Diffusion Policy almost Explained
To get a good grasp of diffusion policy, we need to understand diffusion models first. Here it goes.
![]() |
---|
Fig1 : The forward Markov chain for adding noise to the data. |
A denoising diffusion probabilistic model(DDPM) (1) uses two Markov chains, the forward diffusion process that converts data to noise and the reverse diffusion process that converts noise to data. The forward diffusion is usually handcrafted and the reverse diffusion is learned by a parameterized deep neural network.
Let us consider a data distribution $x_0 \sim q(x_0)$, the forward Markov chain generates a sequence of random variables $x_1, x_2, …, x_T$ using a transition kernel $q(x_t | x_{t-1})$. We can use the chain rule of probability and Markov property to write the joint distribution as $q(x_1, x_2, …, x_T)$ conditioned on $x_0$.
The formulae for the transition kernel is given by:
\[q(x_1, ..., x_T | x_0) = \prod_{t = 1}^T q(x_t | x_{t-1}) \tag{1}\]In DDPM the kernel is hancrafted generally and we use a Gaussian distribution for the transition kernel.
\[q(x_t | x_{t-1}) = \mathcal{N}(x_t; \sqrt{1 - \beta_t} x_{t-1}, \beta_t I) \tag{2}\]where $beta_t$ is a hyperparameter. $\beta_t \in (0, 1)$.
Now there is a long ass derivation to marginalise the joint distribution.

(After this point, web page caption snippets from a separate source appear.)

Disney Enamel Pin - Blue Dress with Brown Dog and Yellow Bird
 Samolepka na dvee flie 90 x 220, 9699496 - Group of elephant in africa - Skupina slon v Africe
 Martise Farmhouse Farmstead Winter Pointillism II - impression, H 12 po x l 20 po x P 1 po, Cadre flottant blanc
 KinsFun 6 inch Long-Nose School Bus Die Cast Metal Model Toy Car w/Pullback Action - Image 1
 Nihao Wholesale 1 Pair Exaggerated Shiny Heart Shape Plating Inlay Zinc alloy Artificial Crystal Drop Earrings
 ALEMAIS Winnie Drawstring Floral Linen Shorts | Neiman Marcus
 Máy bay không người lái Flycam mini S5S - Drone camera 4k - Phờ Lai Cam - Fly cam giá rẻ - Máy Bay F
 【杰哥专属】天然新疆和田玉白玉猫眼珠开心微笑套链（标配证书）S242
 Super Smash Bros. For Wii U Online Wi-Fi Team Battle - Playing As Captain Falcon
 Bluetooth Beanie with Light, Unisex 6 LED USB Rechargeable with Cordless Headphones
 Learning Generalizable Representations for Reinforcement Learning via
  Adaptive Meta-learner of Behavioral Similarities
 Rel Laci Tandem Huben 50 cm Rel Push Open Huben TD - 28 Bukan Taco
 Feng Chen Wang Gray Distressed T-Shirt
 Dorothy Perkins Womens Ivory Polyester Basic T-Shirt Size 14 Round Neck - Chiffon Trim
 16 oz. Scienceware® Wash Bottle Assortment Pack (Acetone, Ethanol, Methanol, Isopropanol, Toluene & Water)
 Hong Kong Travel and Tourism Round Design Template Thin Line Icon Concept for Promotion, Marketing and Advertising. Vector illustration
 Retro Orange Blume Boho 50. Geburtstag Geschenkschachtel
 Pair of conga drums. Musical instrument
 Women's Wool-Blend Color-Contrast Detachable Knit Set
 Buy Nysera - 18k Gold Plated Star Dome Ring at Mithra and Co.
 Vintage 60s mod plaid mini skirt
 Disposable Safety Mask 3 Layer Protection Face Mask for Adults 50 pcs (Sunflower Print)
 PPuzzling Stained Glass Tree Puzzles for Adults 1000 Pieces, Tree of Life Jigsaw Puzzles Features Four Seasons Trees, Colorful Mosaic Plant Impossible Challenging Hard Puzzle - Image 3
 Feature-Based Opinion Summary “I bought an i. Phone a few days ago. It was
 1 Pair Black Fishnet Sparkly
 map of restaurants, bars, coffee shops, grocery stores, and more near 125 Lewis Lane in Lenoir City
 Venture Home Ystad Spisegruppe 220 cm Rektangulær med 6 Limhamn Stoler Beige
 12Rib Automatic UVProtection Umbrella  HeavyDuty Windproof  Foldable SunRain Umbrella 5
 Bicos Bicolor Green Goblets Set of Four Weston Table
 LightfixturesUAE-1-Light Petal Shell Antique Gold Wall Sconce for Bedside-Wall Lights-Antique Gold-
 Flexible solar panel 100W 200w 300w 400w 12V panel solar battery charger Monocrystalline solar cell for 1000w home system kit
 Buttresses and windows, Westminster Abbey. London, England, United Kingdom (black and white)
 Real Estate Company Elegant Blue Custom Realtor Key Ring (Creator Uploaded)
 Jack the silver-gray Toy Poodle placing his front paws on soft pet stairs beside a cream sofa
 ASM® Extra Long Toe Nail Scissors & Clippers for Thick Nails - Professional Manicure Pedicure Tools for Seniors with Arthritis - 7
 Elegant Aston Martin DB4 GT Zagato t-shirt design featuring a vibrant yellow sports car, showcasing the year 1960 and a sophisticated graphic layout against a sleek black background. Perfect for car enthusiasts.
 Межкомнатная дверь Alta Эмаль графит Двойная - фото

For that use the following equation:
\[x_t = \sqrt{1-\beta} x_{t-1} + \sqrt{\beta} \mathcal{N} (0, \mathcal{I}) \tag{3}\]In this equation replace $x_{t-1}$ with $\sqrt{1-\beta} x_{t-2} + \sqrt{\beta} \mathcal{N} (0, \mathcal{I})$ and then $x_{t-2}$ with $\sqrt{1-\beta} x_{t-3} + \sqrt{\beta} \mathcal{N} (0, \mathcal{I})$ and so on till we reach $x_0$. This will take time to derive and we will get the following:
\[x_t = \sqrt{\alpha_t.\alpha_{t-1}...\alpha_1} x_0 + \sqrt{1-\alpha_t.\alpha_{t-1}...\alpha_1} \mathcal{N} (0, \mathcal{I}) \tag{4}\]where $\alpha_t = 1 - \beta_t$. So equation 4 can be written as:
\[x_t = \sqrt{\bar{\alpha}_t} x_0 + \sqrt{1-\bar{\alpha}_t} \mathcal{N} (0, \mathcal{I}) \tag{5}\]where $\bar{\alpha_t} = \prod_{i=1}^t \alpha_i$.
Hence we can write the joint distribution in the marginaslised form as:
\[q(x_t | x_0) = \mathcal{N}(x_t; \sqrt{\bar{\alpha}_t} x_0, (1-\bar{\alpha}_t) \mathcal{I}) \tag{6}\]Now given a a data point $x_0$ we can easily obtain $x_t$ by sampling a noise vector $\epsilon \sim \mathcal (0, \mathcal{I})$ from a Gaussian distribution and apply the follwing transformation : \(x_t = \sqrt{\bar{\alpha}_t} x_0 + \sqrt{1-\bar{\alpha}_t} \epsilon \tag{7}\)
The forward process is shown in the figure above where using the transition kernel an image is slowly converted to a pure Gaussian noise. Now we will discuss about the reverse Markov diffusion process where noise is gradually removed to generate a data point.
The reverse Markov chain is parameterised by a prior distribution $p(x_T) = \mathcal{N} (x_T; 0, \mathcal{I})$ and a learnable transition kernel $p_\theta(x_{t-1} | x_t)$ where $\theta$ is the learnable parameter of the deep neural network. The learnable transition kernel can expressed by the following equation:
\(p_\theta(x_{t-1} | x_t) = \mathcal{N}(x_{t-1}; \mu_\theta(x_t, t), \Sigma_\theta(x_t, t)) \tag{8}\)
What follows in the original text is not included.